Head of the School of Earth Sciences, Professor Michael Walter said: “All of us in Earth Sciences are extremely proud and pleased that Kathy Cashman has been elected as a Fellow of the Royal Society. Kathy’s many outstanding achievements in the field of volcanology make her a great choice for this honour.”

Professor Cashman was also elected to the US National Academy of Sciences this week.  She is one of 84 new members elected this year in recognition of their distinguished and continuing achievements in original research. 

Professor Lodge’s research is focused on the mechanisms that underlie the basic functions of the brain, such as synaptic transmission and plasticity. Understanding of these functions is of fundamental importance to the molecular basis of neurological conditions affecting learning and memory, and implicated in Alzheimer's disease and epilepsy.

Professor Lodge (BVSc Bristol 1963; PhD Bristol 1974) worked at the University of Bristol as a veterinary surgeon and anaesthetist. His doctoral and postdoctoral studies on the neuropharmacology of amino acids in Bristol with Professor TJ Biscoe, and in the Australian National University with Professor DR Curtis, helped establish the role of glutamate as a central neurotransmitter and characterised its actions between AMPA, NMDA and kainate receptor subtypes.

Subsequently at the Royal Veterinary College, he linked his interests in anaesthesia and glutamate receptors, making the key discovery that the dissociative anaesthetics, ketamine and phencyclidine, selectively blocked NMDA receptors. He related NMDA antagonism to psychotomimetic effects, providing a basis for the glutamate hypothesis of schizophrenia and redirected pharmaceutical search for schizophrenia therapies.
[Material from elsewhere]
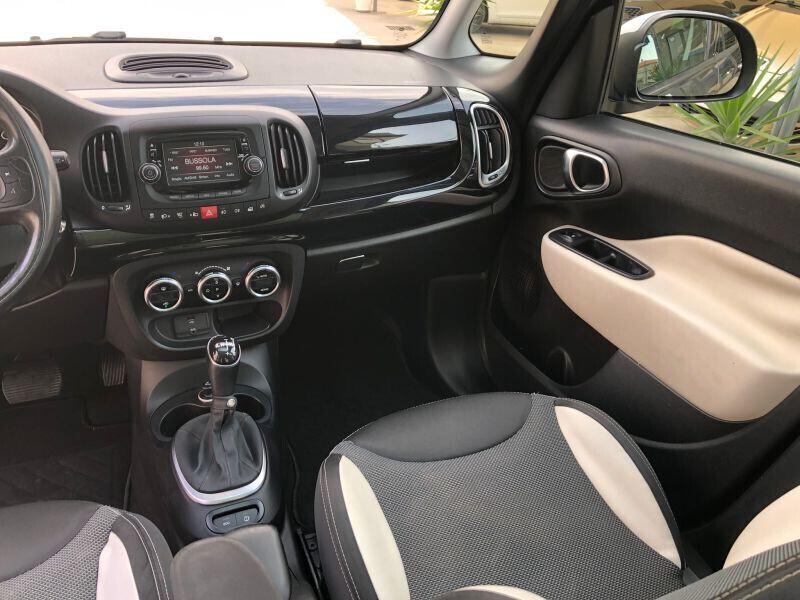 Fiat 500L 1.3 Multijet 85 CV Dualogic Trekking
Professor Lodge continued his work with Eli Lilly & Co where he was associated with taking glutamate analogues into the clinic for brain diseases, and where he instigated collaborations with University of Bristol researchers including Professors Collingridge and Headley. 

Professor Lodge’s current research, in Bristol’s Centre for Synaptic Plasticity, concerns the mechanism of action of new ‘legal highs’ and the consequences of spontaneous mutations in glutamate receptors.

Professor Chris Fry, Head of the School of Physiology, Pharmacology and Neuroscience, said: ""The honour of a fellowship to the The Royal Society granted to David Lodge is a just recognition of the groundbreaking work carried out be The Synaptic Plasticity Group at Bristol, and David in particular.  Evaluation of the molecular pathways involved in memory and learning, and especially the role and characterisation of certain glutamate receptor subtypes, will not only enhance our understanding of these vital functions but also lead the way to manage conditions such as Alzheimer's Disease and epilepsy.  Although David is modest enough to say that he was helped by his colleagues at Bristol, his insight and leadership was essential that such work reached fruition - the congratulations that he has received are rightly deserved."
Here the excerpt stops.